Opponents of gay marriage argue that this trend will lead to the destruction of traditional marriage. But, for better and for worse, traditional marriage has already been destroyed, and the process began long before anyone even dreamed of legalizing same-sex marriage.

2 comments:

JCF said...

Fascinating article (I commented at IT's place).

Just about threw something at my monitor, though, when I read that mid-1960s AMA article quote that "beating [your wife] is more or less satisfactory to punish her..." >:-0

***

MadPriest is posting about gender roles today, too: http://revjph.blogspot.com/2011/01/women-in-crisis.html [I haven't commented on it, because I'm not sure I can trust my reaction---want to see more comments, first.]

Jim Pratt said...

A good summary of the issues.
I think a lot of the opponents of same-sex marriage don't want to admit how much the institution of marriage has already changed, even with a generation.
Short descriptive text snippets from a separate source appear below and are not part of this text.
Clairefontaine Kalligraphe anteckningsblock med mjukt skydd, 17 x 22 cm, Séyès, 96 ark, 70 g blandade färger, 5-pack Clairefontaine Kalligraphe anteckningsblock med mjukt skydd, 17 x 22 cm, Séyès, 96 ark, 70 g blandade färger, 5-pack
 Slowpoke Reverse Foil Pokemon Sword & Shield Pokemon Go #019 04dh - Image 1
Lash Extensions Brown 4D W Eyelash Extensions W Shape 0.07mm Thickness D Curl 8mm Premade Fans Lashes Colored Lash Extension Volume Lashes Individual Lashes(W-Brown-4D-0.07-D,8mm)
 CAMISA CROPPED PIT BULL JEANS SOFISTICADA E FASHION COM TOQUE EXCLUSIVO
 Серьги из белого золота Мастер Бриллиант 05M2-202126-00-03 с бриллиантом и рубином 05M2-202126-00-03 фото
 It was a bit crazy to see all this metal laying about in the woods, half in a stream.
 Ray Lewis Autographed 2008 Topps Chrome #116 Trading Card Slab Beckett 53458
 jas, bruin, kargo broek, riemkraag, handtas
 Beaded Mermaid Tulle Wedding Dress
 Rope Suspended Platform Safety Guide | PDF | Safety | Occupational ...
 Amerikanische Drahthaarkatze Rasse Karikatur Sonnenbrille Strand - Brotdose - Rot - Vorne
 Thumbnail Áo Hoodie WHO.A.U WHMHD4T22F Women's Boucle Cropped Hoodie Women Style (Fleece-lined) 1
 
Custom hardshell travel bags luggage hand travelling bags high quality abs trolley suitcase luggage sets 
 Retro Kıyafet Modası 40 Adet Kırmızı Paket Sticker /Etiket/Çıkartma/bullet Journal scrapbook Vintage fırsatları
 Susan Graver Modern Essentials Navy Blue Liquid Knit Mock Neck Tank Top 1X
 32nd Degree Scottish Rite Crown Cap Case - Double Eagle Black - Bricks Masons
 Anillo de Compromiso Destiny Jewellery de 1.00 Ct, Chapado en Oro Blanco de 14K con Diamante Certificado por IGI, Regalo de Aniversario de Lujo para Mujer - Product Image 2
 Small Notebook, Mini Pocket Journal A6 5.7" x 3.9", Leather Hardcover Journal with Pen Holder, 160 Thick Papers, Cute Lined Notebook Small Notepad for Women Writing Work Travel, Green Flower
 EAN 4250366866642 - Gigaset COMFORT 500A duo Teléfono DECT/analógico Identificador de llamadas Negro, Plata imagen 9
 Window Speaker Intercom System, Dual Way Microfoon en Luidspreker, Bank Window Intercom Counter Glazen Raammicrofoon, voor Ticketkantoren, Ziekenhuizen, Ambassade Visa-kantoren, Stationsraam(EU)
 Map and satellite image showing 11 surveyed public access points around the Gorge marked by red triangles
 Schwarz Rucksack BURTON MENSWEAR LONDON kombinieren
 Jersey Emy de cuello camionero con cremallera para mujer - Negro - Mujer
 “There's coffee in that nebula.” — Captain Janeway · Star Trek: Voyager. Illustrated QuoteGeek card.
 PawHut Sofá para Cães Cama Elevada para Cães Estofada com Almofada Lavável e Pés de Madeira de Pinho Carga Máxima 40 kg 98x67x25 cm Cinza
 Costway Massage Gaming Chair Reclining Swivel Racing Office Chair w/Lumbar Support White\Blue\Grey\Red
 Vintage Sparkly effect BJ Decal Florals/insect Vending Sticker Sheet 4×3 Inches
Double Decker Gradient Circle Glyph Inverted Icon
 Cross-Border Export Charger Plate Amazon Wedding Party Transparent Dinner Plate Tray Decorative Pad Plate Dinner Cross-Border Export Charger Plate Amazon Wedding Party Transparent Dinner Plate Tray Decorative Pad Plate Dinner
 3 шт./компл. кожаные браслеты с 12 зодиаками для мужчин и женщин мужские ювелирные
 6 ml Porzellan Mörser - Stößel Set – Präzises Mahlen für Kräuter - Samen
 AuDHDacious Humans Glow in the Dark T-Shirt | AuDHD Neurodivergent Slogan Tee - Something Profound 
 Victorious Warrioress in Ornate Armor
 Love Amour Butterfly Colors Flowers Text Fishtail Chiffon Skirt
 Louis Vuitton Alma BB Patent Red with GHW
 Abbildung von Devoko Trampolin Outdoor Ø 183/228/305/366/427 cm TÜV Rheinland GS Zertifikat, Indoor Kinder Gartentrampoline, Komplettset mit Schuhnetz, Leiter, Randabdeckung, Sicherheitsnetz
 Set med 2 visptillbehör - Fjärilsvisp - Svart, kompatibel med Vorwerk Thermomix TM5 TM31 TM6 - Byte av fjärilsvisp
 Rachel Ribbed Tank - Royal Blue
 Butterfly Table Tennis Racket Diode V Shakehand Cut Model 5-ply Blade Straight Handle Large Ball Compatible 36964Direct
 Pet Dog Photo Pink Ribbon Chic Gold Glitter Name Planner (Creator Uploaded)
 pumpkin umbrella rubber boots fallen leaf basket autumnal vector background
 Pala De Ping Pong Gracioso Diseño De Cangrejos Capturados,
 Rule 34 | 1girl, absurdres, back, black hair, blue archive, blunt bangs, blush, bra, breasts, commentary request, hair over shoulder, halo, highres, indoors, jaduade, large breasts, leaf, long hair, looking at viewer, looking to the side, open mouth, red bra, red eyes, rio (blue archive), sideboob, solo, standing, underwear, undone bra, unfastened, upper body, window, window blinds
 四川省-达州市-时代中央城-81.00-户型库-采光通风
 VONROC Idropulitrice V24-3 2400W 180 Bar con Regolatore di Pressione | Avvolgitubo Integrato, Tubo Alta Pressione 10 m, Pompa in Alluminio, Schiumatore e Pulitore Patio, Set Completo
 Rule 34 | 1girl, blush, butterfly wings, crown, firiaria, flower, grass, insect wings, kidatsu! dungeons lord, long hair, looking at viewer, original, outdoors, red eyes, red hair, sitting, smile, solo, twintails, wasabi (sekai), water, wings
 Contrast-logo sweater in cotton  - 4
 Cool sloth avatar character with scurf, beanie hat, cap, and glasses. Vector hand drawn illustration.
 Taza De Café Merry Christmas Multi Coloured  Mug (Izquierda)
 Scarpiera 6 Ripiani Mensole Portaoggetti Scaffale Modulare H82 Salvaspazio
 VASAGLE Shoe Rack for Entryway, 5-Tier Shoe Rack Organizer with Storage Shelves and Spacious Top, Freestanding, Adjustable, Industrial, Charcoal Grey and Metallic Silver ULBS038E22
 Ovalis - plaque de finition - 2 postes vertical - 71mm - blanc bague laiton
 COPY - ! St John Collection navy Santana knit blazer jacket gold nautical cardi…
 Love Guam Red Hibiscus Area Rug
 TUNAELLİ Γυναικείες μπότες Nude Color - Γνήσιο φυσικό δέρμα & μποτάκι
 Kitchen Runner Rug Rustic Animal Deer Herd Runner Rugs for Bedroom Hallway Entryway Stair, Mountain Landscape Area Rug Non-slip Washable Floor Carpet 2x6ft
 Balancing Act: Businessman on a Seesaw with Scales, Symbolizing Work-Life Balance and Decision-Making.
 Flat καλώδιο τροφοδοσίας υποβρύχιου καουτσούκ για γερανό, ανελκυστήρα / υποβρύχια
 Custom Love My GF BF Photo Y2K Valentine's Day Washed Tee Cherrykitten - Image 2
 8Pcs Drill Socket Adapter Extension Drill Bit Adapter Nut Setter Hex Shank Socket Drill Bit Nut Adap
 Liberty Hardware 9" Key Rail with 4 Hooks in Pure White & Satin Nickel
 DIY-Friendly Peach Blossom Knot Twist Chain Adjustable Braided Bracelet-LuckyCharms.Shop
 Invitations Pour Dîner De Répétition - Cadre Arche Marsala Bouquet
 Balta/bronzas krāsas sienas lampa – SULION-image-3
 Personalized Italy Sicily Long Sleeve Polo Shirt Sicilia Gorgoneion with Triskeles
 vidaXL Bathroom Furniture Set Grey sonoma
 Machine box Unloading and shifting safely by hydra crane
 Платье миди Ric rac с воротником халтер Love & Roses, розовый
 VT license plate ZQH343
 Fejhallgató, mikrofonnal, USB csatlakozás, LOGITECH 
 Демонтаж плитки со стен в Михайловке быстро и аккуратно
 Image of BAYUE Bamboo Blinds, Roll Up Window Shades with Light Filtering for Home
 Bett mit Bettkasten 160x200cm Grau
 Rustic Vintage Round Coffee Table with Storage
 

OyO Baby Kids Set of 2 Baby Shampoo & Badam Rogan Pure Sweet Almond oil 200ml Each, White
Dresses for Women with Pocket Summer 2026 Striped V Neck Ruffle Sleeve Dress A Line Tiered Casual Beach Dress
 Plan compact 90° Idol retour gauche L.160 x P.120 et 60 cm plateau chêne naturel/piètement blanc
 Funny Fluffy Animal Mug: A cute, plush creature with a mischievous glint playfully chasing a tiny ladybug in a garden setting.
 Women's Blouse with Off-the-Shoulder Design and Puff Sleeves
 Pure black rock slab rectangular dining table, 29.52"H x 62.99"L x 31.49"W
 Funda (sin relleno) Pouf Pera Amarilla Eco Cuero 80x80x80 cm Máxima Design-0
Peter Ould's blog commentary on the Ragsdale-Lloyd nuptial liturgy harps (among other things) about the use of Ephesians 5 in the liturgy (spouses are united to each other as Christ is united to the church). It seems to me the real issue is the continued validity of Paul's metaphor even to heterosexual marriage, because the metaphor is based on the "headship" of Christ and the "headship" of the husband. Is Paul using an analogy to what was then the common social order to describe Christ's relation to the church in a way that his contemporary readers would easily understand, or was he making a pronouncement on marriage? I would say the former, and that it is outdated. I'm sure Ould would say the latter.
What this really points to is a dire need to rewrite the marriage liturgy, even for heterosexual couples.